▸ DIRECTIONS:
Your task is to retype, word for word, the lines from the start of the data through the line holding "Yellow road sign". Do not include the pictures.

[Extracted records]
____________________

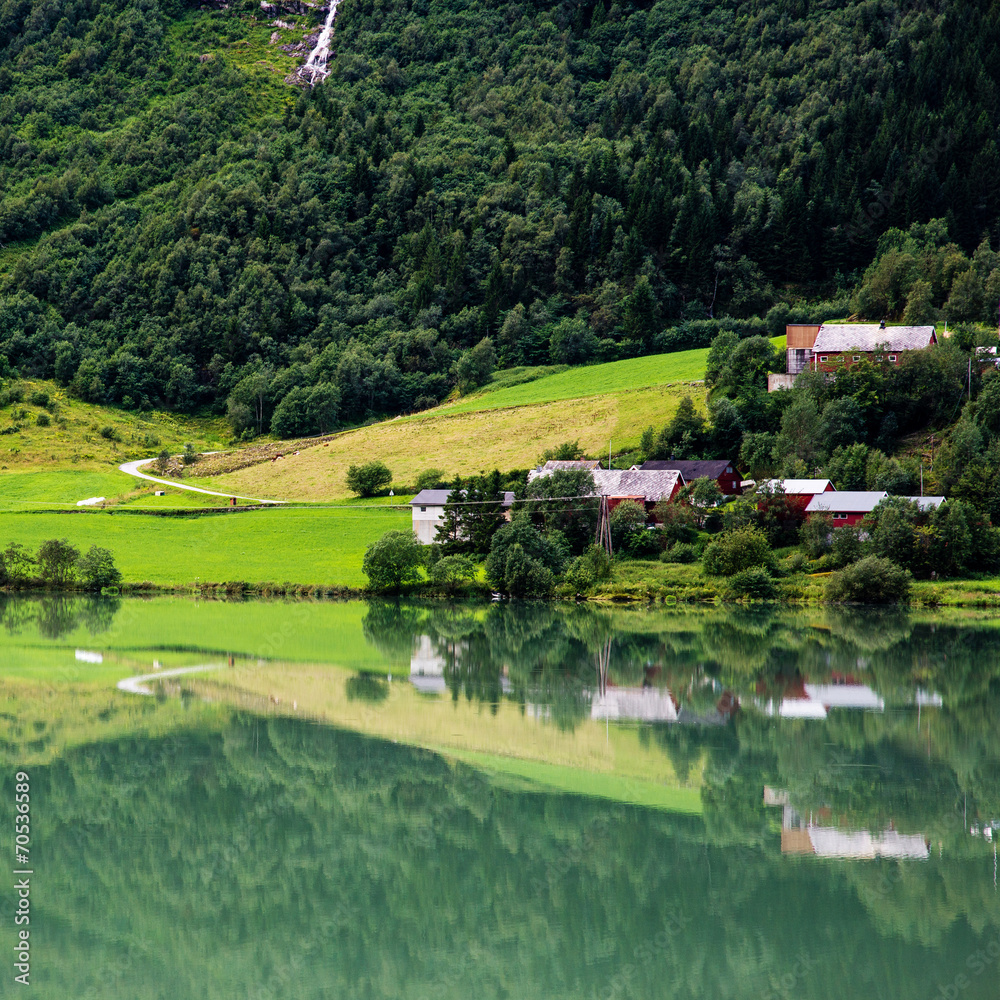 Beautiful Norwegian landscape with water reflection Beautiful Norwegian landscape with water reflection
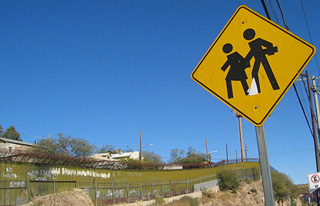 Yellow road sign featuring two figures walking together. Background is a border fence and blue sky.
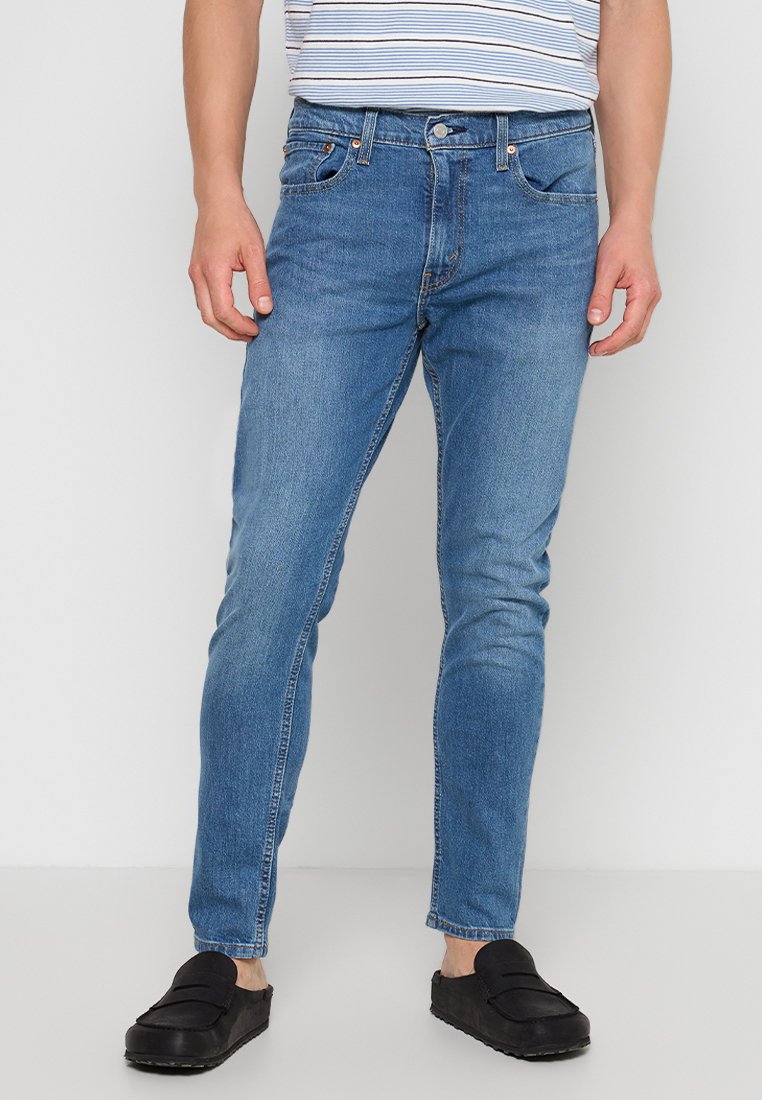 Mann trägt eine blaue Slim-Fit-Jeans, schwarze Slipper und ein weiß-blau gestreiftes Hemd, steht vor einem schlichten hellen Hintergrund.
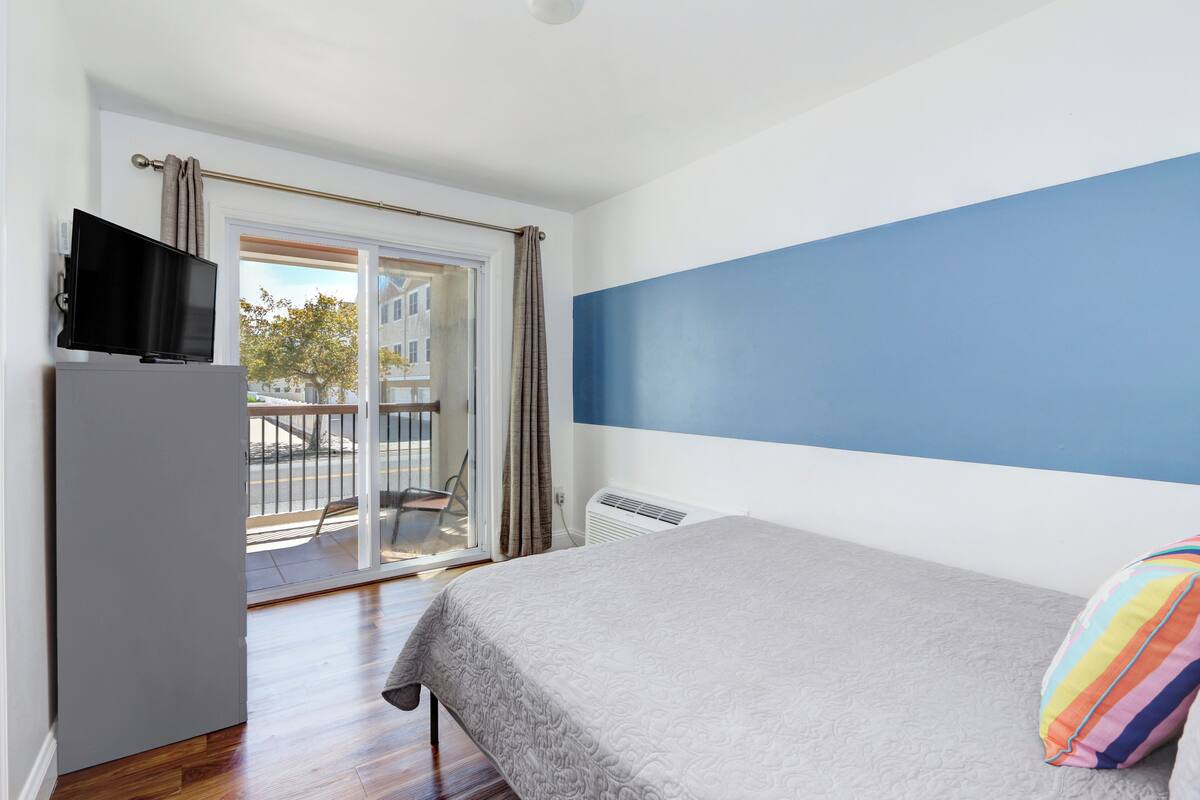 A bedroom with a bed, a TV on a stand, a sliding glass door to the outside, and a blue accent wall.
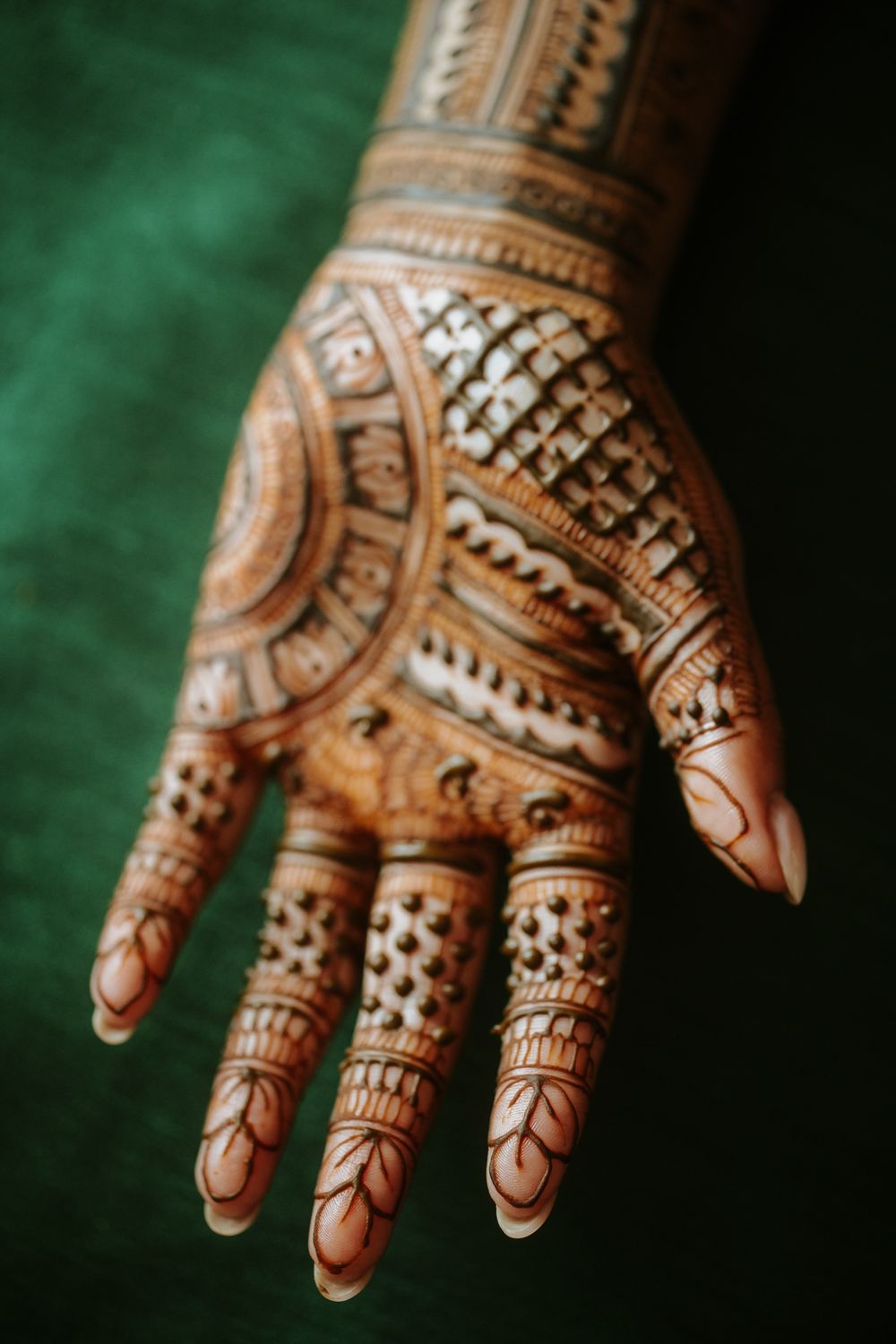 Intricate henna design featuring geometric patterns and floral motifs decorates a palm against a green background.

____________________

▸ SOLUTION BELOW:
 Beautiful Norwegian landscape with water reflection Beautiful Norwegian landscape with water reflection
 Yellow road sign featuring two figures walking together. Background is a border fence and blue sky.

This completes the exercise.